I fairly recently upgraded from LR5.7 to CC6. It worked fine for a while. Now whenever I open it, it starts by saying I have 30 days left in my trial period. So then /I click on the licensing panel, and it recognizes me, tells me I have a license, an I can open the program. What's up, and how do I stop it doing that?  The licence is paid for, for the next year. I have a Mac OSX 10.11.6.

Thanks,

Richard


----------



## clee01l (Oct 29, 2016)

When you subscribed to Adobe Creative Cloud you should have D/L and installed a license monitoring app called Adobe Creative Cloud App Manager.  When installed, this runs in resident and in the background to verify your subscription is valid and up to date.  It also notifies you of app updates and other important information from Adobe. 
When you first open this Adobe Creative Cloud App Manager app, you should begin by letting the app "install" LRCC2015.7, PSCC  and any other apps in your subscription.  It will overwrite your current install of the trial version of LR and take over management of your Adobe CC subscription.


----------



## rb_stern (Oct 29, 2016)

Thanks. When I first d/l Creative Cloud I didn't include Photoshop, but I did include everything else.  - presumably including the app manger. But just in case, I re-downloaded and opened it, and LR is still giving me the same message as before. However, it seems to be intermittent! Does it make a difference if I open LR CC from the app icon in the applications folder, or from the little icon shaped like like a figure 8 in the title bar at the top of the screen?


----------



## Gnits (Oct 30, 2016)

I discovered recently when I got this sign on message (very annoying) that the Creative Cloud app was out of date.  Updating the Creative Cloud App solved the problem.  

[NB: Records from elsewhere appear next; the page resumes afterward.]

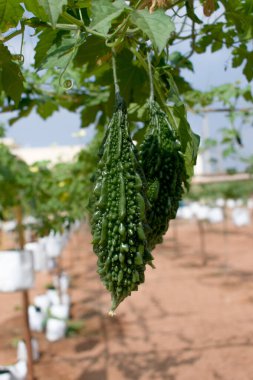 Acı kabağın yakın plan çekimi.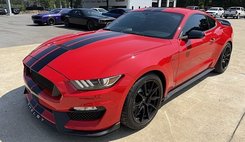 2019 Ford Mustang Shelby GT350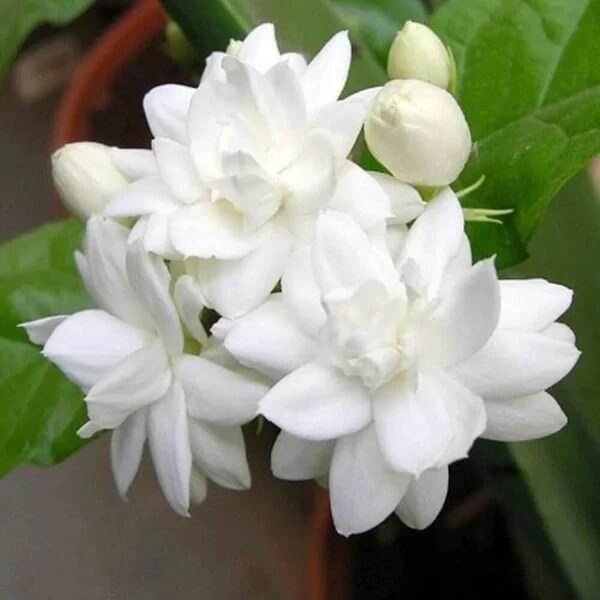White Jasmine Seeds
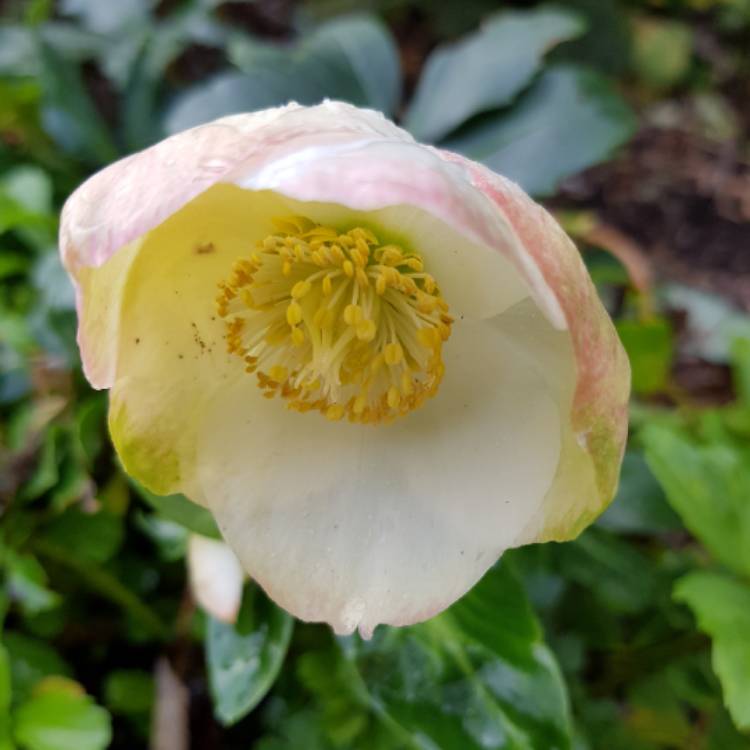 plant image 858683 plant image 858683
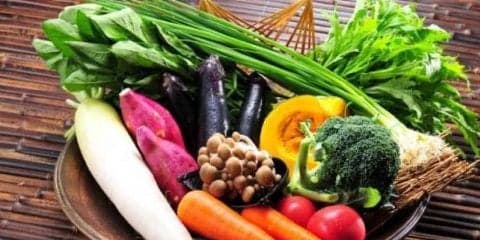 食物繊維と腸内環境について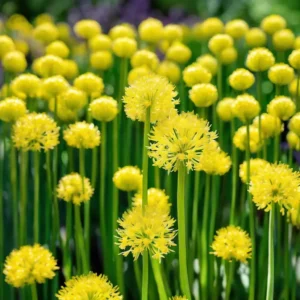 Allium Yellow Color Flower Bulb-01 Pc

I complained to Adobe support that their app should be giving me a message to update my CC app rather than block me out of my CC subscription. As I have seen so many similar issues discussed on these forums, it is annoying that Adobe cannot solve this at source.  The people who are most likely to have the biggest challenge with this are the people who have the least skills to troubleshoot or resolve.


----------



## Jimmsp (Oct 30, 2016)

I had this problem a couple of times over the last year. I talked with Adobe Tech support, and they even had a problem fixing it.
The best solution seemed to be to log out of Adobe CC , then log back in.

Jim


----------



## Gnits (Oct 30, 2016)

Logging out and in did not solve my problem.  Checking if the "Creative Cloud" was the latest version, then logging out and in worked for me.  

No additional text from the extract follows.